> Problem: Both the line containing "Vintage military carbine rifle isolated." and the line containing "Blaupause | Karte" belong to the span. Output exactly that span from the listing below, and nothing outside it.

■ ■ ■

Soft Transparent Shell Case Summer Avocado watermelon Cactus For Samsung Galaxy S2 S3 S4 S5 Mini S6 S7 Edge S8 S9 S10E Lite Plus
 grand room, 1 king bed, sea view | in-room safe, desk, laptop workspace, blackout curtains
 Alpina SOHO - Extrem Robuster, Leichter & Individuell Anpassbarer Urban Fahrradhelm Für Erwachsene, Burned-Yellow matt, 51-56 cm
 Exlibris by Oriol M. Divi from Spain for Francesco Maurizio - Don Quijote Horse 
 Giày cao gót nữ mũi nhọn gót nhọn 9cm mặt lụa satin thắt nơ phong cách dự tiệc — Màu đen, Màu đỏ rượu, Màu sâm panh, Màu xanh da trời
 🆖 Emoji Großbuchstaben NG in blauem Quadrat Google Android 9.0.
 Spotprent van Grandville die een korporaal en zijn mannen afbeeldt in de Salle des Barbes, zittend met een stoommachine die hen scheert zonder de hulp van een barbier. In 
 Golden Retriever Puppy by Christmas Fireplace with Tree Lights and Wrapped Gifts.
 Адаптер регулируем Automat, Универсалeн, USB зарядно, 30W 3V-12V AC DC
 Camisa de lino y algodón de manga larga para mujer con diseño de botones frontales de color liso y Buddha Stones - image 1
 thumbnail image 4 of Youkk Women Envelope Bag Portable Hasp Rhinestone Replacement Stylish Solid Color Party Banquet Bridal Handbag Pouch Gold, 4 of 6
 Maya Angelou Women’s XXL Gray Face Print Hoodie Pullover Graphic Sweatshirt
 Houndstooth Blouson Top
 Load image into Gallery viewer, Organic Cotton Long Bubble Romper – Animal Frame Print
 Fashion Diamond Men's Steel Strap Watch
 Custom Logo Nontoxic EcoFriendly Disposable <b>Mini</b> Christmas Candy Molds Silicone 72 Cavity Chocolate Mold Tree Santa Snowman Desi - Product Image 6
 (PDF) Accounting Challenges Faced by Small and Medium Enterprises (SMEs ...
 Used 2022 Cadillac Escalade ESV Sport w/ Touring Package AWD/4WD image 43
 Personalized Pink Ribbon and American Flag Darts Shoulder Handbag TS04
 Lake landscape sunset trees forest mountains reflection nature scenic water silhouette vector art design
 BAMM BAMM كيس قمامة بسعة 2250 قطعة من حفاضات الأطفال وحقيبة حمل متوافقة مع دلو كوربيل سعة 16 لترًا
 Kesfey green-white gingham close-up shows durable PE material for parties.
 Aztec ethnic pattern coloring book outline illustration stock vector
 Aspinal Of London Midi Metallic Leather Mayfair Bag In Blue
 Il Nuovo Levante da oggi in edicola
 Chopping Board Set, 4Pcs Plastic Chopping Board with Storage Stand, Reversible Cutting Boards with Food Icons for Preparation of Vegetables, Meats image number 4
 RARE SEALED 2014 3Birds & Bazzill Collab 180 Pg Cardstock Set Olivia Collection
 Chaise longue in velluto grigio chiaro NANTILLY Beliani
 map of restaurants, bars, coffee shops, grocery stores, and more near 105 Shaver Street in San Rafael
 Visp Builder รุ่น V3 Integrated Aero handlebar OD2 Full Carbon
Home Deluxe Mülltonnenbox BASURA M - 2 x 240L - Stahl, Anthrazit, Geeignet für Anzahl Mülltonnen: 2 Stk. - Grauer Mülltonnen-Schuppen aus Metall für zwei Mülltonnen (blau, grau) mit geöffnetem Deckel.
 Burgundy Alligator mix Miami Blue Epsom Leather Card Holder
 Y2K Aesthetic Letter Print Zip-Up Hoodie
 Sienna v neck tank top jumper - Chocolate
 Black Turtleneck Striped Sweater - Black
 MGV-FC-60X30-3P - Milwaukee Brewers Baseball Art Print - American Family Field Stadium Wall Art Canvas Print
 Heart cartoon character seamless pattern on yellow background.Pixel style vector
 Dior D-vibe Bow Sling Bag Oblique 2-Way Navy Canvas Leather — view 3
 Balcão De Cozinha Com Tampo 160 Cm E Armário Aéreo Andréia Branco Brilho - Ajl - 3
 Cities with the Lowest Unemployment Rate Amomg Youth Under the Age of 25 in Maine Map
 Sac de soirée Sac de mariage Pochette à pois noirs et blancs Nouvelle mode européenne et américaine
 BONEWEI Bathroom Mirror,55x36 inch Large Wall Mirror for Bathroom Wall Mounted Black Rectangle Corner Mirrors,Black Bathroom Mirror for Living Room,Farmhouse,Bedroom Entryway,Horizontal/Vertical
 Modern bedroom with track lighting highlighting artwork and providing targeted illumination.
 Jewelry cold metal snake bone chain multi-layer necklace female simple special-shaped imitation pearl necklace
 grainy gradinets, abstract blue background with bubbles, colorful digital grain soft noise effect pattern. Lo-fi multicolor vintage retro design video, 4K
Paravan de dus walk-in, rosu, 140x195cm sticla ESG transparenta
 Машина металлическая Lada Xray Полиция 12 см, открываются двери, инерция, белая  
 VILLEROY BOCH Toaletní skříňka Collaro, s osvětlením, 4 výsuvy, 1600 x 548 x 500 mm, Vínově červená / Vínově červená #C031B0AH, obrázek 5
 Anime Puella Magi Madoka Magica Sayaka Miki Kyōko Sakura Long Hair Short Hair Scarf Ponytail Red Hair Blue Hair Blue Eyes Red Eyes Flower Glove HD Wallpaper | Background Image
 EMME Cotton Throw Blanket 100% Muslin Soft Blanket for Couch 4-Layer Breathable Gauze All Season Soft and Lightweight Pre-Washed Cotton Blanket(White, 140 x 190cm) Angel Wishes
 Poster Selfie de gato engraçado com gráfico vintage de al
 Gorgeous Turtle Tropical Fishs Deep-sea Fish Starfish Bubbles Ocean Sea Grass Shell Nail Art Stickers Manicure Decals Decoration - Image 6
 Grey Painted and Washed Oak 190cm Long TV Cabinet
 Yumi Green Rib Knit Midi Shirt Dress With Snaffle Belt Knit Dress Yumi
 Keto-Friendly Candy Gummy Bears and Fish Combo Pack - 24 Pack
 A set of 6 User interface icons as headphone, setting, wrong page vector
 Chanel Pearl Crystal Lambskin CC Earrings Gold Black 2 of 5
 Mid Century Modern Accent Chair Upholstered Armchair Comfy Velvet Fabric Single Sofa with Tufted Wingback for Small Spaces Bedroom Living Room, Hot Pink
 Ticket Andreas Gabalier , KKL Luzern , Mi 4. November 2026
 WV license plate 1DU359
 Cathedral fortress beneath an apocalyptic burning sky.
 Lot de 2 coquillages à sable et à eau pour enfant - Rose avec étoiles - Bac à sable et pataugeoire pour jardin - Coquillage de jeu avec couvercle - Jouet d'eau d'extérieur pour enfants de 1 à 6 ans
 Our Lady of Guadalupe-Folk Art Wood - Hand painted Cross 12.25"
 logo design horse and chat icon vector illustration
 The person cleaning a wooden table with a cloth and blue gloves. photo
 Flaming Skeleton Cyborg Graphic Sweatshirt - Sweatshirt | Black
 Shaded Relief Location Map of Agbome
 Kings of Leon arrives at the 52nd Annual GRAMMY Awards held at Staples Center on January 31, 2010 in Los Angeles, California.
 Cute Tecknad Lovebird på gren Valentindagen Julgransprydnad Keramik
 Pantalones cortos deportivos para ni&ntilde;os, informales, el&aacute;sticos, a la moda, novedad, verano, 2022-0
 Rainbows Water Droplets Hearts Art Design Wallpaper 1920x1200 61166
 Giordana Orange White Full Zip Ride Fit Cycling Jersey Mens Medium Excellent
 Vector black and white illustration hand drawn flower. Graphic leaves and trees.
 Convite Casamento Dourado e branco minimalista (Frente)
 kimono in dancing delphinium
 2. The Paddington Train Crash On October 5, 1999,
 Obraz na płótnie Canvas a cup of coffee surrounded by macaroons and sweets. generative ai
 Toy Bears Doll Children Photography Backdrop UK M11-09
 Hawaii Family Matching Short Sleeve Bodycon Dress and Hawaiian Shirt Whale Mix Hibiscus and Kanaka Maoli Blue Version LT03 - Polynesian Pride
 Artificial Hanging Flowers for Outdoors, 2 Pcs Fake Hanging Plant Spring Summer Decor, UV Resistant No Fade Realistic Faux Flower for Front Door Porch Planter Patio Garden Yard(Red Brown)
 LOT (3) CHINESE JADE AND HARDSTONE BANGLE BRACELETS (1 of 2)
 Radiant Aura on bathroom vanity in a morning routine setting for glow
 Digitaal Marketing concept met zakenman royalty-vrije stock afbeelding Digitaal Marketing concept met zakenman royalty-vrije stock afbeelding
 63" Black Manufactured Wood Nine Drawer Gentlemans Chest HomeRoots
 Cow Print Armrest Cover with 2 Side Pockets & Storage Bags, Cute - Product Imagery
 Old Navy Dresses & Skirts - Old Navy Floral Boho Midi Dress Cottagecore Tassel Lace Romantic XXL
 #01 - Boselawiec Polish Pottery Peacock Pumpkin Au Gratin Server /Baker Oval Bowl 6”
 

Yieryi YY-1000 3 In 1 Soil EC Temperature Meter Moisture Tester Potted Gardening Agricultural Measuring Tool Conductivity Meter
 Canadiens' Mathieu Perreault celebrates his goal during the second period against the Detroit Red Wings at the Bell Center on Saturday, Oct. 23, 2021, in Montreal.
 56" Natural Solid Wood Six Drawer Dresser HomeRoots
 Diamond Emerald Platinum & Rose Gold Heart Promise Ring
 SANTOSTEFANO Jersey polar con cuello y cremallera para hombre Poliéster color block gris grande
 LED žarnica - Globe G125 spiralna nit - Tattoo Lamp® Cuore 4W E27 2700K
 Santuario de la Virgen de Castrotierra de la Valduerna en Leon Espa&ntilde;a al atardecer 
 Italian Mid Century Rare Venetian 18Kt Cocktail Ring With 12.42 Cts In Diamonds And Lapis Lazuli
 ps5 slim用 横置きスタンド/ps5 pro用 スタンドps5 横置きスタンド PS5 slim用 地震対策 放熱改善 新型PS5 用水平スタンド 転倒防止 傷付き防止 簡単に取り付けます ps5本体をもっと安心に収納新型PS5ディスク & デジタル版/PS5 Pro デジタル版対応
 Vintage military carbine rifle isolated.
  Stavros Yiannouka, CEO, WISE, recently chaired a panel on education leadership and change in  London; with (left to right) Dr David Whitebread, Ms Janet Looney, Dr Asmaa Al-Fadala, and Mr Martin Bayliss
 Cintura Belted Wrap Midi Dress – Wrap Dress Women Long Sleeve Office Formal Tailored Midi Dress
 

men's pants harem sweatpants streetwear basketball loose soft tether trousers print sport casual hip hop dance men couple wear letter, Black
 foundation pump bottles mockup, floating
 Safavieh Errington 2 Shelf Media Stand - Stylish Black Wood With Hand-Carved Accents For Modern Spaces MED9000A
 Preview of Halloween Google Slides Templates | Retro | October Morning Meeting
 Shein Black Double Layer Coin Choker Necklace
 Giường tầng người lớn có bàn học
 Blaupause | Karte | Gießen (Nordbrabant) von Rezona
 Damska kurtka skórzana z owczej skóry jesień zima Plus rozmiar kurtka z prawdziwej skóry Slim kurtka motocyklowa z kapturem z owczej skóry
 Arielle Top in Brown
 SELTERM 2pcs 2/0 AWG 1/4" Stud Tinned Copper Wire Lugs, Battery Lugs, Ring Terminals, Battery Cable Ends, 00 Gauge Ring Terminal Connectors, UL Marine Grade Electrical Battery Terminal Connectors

■ ■ ■

> The answer:
 Vintage military carbine rifle isolated.
  Stavros Yiannouka, CEO, WISE, recently chaired a panel on education leadership and change in  London; with (left to right) Dr David Whitebread, Ms Janet Looney, Dr Asmaa Al-Fadala, and Mr Martin Bayliss
 Cintura Belted Wrap Midi Dress – Wrap Dress Women Long Sleeve Office Formal Tailored Midi Dress
 

men's pants harem sweatpants streetwear basketball loose soft tether trousers print sport casual hip hop dance men couple wear letter, Black
 foundation pump bottles mockup, floating
 Safavieh Errington 2 Shelf Media Stand - Stylish Black Wood With Hand-Carved Accents For Modern Spaces MED9000A
 Preview of Halloween Google Slides Templates | Retro | October Morning Meeting
 Shein Black Double Layer Coin Choker Necklace
 Giường tầng người lớn có bàn học
 Blaupause | Karte | Gießen (Nordbrabant) von Rezona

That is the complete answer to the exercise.